Juan Pablo II proclamó ayer beatos a los papas Pío IX y Juan XXIII, dos personalidades absolutamente contrapuestas. Tanto es así, que, en el caso del primero, se hace difícil entender la decisión del Vaticano, por cuanto Pío IX, que proclamó la infalibilidad papal, fue claramente antisemita, se opuso al racionalismo y al liberalismo y reforzó el planteamiento de una Iglesia dominada por un poder absoluto desde el Concilio Vaticano I. Por contra, Juan XXIII fue el iniciador del Concilio Vaticano II, y en su encíclica «Pacem in terris» defiende las libertades y los derechos sociales y económicos del hombre. Y, además, da muestras de un talante dialogante que nada tiene que ver con las imposiciones de épocas anteriores.

Si la beatificación de Juan XXIII es un justo reconocimiento a la importante labor llevada a cabo por este pontífice en todos los ámbitos y, en especial, en la apertura de la Iglesia católica a la sociedad, la de Pío IX no ha hecho más que reabrir heridas. Prueba de ello son las declaraciones efectuadas desde el Gobierno israelí, que «lamenta profundamente» la decisión vaticana.

Es sorprendente, también, que en una época como la nuestra, marcada por el ecumenismo y el entendimiento entre diferentes confesiones, se beatifique a un hombre que condenó el protestantismo.

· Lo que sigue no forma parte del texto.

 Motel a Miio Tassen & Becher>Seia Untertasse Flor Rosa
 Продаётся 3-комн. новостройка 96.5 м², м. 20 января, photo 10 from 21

Hechos como este ponen de relieve las contradicciones del actual papado y hacen que nos asalte la duda de la capacidad de la jerarquía católica de avanzar con la sociedad. No es posible conciliar la necesaria modernización de la Iglesia con ciertos planteamientos involucionistas. Tal vez sería preciso replantearse por dónde se debe avanzar, poner orden en el desconcierto y evitar crear disensiones dentro y fuera de la misma Iglesia católica para no caer en innecesarios anacronismos.